Skip every picture, then write out exactly the lines of the listing below from the line that contains "Diamond Hoop Earrings" through the final line.

■ Supplied entries
######

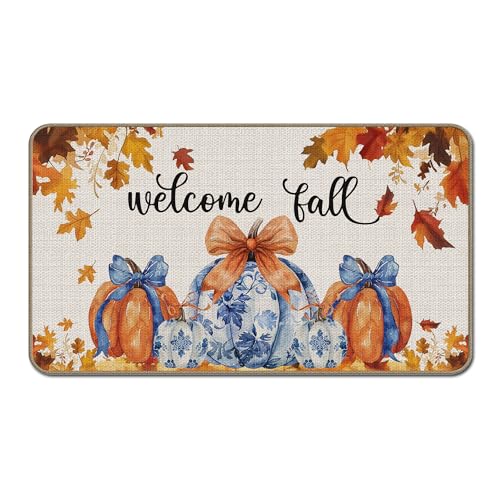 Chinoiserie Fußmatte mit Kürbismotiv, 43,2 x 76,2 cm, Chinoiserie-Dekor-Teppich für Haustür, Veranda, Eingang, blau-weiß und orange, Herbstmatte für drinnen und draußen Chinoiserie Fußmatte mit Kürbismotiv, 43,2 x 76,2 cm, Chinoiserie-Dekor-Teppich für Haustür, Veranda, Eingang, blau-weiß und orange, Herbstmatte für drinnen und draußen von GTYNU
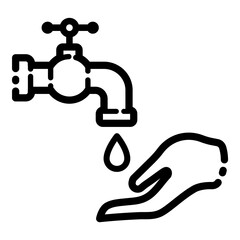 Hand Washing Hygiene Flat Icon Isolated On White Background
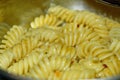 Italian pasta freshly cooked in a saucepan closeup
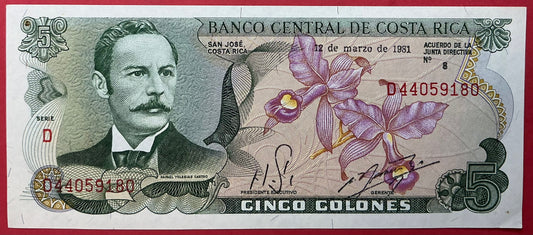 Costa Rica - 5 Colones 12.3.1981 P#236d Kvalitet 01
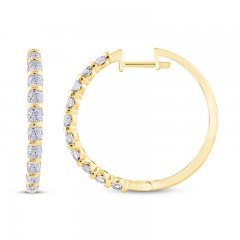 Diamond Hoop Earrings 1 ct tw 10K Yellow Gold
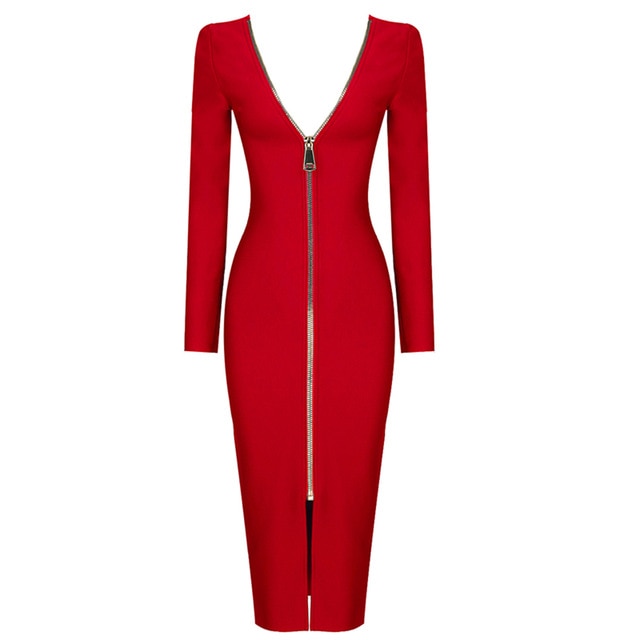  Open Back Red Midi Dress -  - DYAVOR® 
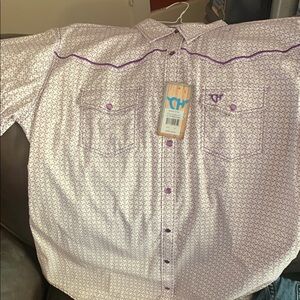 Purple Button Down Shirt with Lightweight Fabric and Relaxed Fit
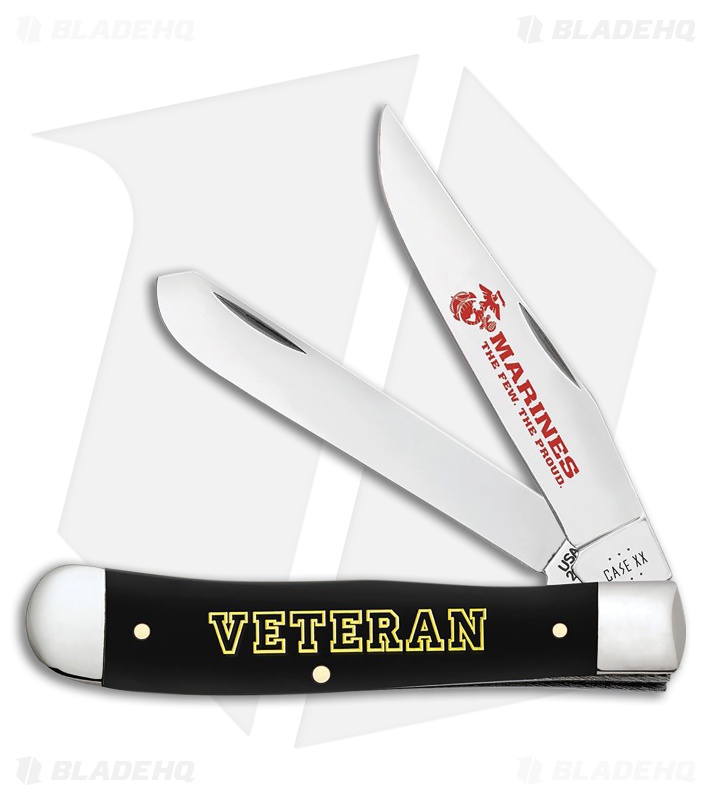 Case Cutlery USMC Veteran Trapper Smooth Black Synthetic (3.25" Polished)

######

■ Reply
 Diamond Hoop Earrings 1 ct tw 10K Yellow Gold
  Open Back Red Midi Dress -  - DYAVOR® 
 Purple Button Down Shirt with Lightweight Fabric and Relaxed Fit
 Case Cutlery USMC Veteran Trapper Smooth Black Synthetic (3.25" Polished)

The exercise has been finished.